AIM OF THE TASK: Begin at the line containing "Set Profesional Detailing" and give again every line to the end of the records, exactly, without the pictures.

EXERCISE DATA:
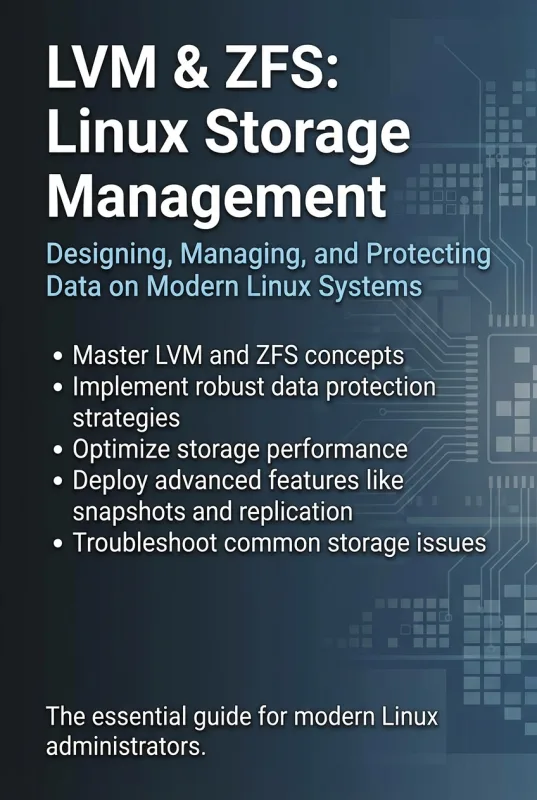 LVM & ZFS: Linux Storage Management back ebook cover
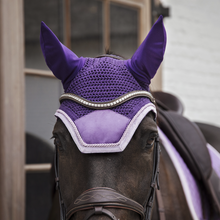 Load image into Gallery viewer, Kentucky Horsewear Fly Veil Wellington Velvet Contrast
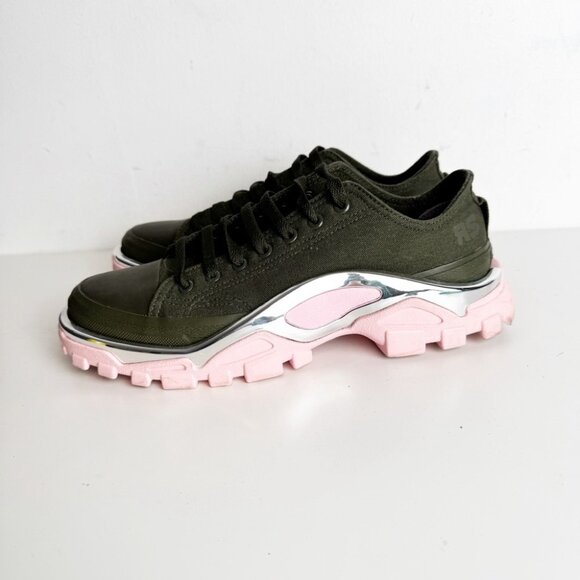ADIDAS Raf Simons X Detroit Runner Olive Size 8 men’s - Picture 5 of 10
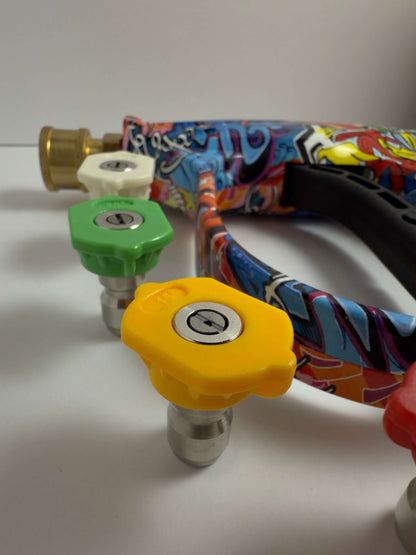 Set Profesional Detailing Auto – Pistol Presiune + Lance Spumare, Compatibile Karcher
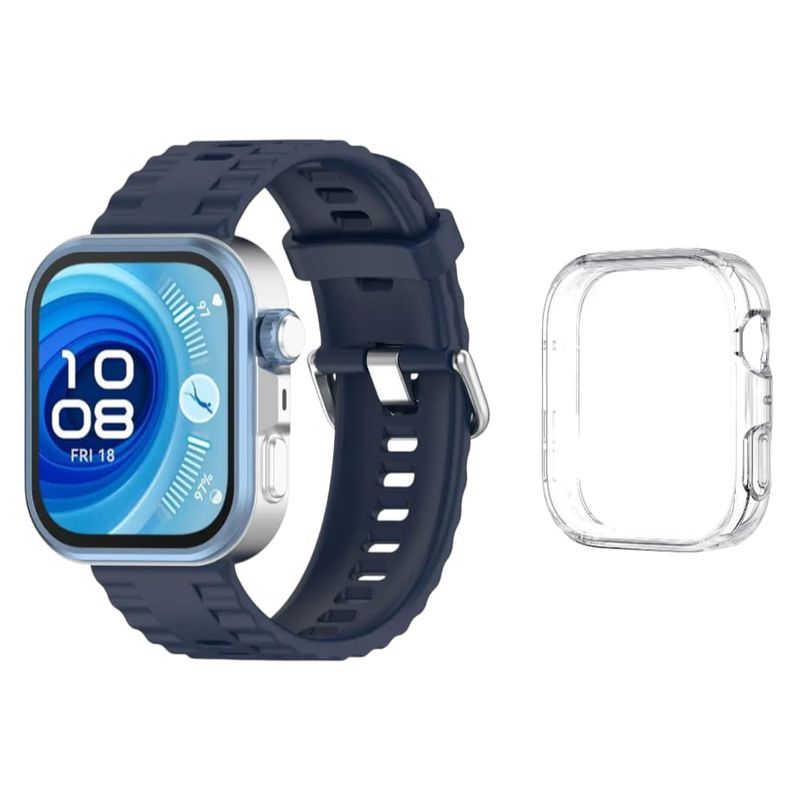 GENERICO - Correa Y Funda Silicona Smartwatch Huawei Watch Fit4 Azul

COMPLETED TASK:
 Set Profesional Detailing Auto – Pistol Presiune + Lance Spumare, Compatibile Karcher
 GENERICO - Correa Y Funda Silicona Smartwatch Huawei Watch Fit4 Azul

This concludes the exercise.